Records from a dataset
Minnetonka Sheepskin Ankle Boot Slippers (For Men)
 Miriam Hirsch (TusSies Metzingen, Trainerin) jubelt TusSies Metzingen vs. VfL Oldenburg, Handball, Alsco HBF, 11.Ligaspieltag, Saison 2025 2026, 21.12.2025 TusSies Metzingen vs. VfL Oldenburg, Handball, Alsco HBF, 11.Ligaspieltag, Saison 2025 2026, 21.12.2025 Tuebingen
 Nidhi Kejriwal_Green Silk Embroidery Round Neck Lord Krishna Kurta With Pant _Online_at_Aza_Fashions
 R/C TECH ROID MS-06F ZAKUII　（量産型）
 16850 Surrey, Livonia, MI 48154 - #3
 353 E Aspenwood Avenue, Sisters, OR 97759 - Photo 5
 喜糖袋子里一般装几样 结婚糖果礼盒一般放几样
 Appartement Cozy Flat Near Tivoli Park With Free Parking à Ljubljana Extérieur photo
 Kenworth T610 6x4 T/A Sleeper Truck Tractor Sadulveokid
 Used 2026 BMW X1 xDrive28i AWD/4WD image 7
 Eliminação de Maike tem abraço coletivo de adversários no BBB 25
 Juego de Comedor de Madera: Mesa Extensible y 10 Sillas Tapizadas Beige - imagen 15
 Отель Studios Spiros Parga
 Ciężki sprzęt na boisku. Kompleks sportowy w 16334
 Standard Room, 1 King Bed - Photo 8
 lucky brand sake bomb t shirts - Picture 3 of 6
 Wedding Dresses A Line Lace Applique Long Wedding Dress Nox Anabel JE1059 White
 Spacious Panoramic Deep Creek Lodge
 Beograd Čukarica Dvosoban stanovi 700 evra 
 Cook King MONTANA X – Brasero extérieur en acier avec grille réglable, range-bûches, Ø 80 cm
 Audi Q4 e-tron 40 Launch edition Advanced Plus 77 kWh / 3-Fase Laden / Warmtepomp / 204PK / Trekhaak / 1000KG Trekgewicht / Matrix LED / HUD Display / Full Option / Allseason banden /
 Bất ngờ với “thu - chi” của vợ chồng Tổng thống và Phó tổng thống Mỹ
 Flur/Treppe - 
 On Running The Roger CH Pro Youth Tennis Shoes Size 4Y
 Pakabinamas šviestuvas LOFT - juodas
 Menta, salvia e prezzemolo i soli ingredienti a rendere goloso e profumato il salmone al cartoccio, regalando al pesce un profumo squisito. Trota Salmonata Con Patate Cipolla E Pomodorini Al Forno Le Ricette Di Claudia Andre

▸ What you should do
Where a line in the records above contains the word "With", copy that line.

▸ Response to the exercise
 Nidhi Kejriwal_Green Silk Embroidery Round Neck Lord Krishna Kurta With Pant _Online_at_Aza_Fashions
 Appartement Cozy Flat Near Tivoli Park With Free Parking à Ljubljana Extérieur photo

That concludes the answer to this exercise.